On 08.01.2008 01:40, Marc Jones wrote:
Carl-Daniel Hailfinger wrote:
Marc?
While the patch is against the generic x86 CAR code, it can also be easily modified to work with AMD K8/K9/K10 CAR code. Especially the recent K10 commit made AMD CAR an #ifdef mess which could be sorted out nicely.
Yes, It would be good to clean them all up.
OK, will prepare a patch to do so after we have finalized the generic x86 CAR patch.
This patch is part of my quest to clean up those v2 code parts which will someday end up in v3.
A good cause :)
Thanks.
-#if CacheSize == 0x10000 - /* enable caching for 64K using fixed mtrr */ +/* 0x06 is the WB IO type for a given 4k segment.
- segs is the number of 4k segments we want to use for CAR.
- subpart is the nth 32-bit window into IO type configuration.
- reg is the register where the IO type should be stored.
- */
+.macro extractmask segs, subpart, reg +.if \segs - (\subpart * 4) <= 0
- xorl \reg, \reg
+.elseif \segs - (\subpart * 4) == 1
- movl $0x06000000, \reg
+.elseif \segs - (\subpart * 4) == 2
- movl $0x06060000, \reg
+.elseif \segs - (\subpart * 4) == 3
- movl $0x06060600, \reg
+.elseif \segs - (\subpart * 4) >= 4
- movl $0x06060606, \reg
+.endif +.endm
Why not just pass in the number of 4k pieces, \segs - (\subpart * 4)?
To simplify understanding the formula for readers of the code. But I agree moving calculations makes the code more readable in the function above.
+.macro simplemask_helper segs, subpart +.if \subpart & 0x1
- extractmask \segs, \subpart, %eax
+.else
- extractmask \segs, \subpart, %edx
+.endif +.endm +/* size is the cache size in bytes we want to use for CAR.
- part is the nth 64-bit window into IO type configuration.
- */
+.macro simplemask size, part
- simplemask_helper (\size / 0x1000), (\part * 2 + 1)

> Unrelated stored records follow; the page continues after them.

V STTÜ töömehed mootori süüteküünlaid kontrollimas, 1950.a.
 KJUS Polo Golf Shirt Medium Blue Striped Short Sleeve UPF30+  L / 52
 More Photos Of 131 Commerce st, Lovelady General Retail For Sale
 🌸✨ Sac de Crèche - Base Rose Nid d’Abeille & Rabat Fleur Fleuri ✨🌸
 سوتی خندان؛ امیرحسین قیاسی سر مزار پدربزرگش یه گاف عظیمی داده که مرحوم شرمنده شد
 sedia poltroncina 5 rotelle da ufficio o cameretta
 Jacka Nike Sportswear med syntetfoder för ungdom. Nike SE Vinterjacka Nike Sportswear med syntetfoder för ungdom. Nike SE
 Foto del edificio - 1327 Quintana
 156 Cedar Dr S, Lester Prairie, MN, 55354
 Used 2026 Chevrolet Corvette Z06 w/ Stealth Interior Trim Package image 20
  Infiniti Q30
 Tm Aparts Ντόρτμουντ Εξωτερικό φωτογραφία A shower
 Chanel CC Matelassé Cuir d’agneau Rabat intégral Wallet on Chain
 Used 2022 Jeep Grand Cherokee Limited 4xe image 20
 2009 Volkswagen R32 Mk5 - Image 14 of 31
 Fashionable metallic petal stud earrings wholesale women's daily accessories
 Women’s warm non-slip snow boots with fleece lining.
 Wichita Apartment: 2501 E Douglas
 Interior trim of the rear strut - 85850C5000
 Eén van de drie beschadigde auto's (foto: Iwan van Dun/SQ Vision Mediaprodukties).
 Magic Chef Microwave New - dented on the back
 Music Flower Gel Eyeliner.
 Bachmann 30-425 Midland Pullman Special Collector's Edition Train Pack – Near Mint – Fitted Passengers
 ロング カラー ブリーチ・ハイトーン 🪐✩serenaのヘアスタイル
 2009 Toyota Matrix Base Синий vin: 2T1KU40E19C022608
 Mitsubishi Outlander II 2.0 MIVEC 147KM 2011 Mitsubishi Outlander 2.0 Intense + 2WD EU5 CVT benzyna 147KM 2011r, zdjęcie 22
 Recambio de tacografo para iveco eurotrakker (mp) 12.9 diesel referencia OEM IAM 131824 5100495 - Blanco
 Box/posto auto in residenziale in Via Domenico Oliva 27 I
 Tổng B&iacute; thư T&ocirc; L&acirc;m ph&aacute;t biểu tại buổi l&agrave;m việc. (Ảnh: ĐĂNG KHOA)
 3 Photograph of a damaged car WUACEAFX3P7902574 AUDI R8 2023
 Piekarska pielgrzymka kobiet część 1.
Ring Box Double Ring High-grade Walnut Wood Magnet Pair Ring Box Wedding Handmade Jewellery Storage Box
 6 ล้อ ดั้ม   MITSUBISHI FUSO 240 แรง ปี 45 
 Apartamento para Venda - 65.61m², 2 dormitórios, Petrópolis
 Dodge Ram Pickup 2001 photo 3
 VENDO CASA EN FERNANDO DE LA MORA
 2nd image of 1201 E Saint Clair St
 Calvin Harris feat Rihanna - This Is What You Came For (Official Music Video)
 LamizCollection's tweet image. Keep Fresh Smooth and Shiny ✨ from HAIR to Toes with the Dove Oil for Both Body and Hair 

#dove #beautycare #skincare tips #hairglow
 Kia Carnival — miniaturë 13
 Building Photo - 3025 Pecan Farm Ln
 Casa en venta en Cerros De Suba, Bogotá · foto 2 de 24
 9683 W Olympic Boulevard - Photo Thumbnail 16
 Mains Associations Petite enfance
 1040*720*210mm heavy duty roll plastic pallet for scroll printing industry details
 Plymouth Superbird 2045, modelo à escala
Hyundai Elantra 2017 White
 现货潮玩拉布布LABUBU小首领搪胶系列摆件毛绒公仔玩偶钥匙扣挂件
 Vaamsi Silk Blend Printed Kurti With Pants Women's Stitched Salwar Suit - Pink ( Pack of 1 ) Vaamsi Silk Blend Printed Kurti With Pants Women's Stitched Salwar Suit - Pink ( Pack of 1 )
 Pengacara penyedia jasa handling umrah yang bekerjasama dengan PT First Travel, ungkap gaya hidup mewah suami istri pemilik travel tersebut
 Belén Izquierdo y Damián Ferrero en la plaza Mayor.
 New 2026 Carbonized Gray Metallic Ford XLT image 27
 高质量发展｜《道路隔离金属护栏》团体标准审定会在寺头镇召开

- simplemask_helper (\size / 0x1000), (\part * 2)
+.endm
The \part stuff isn't really intuitive. I think an .if size > 32K would be better and then the caller doesn't have to know \part. Building on that the macro could fill in ecx as well.
I'll rewrite the patch a bit to make it more intuitive. I disagree with the ".if size > 32k" part, though. But once you see my new code, it may be elegant enough to not worry about the 32k boundary anymore.
Regards, Carl-Daniel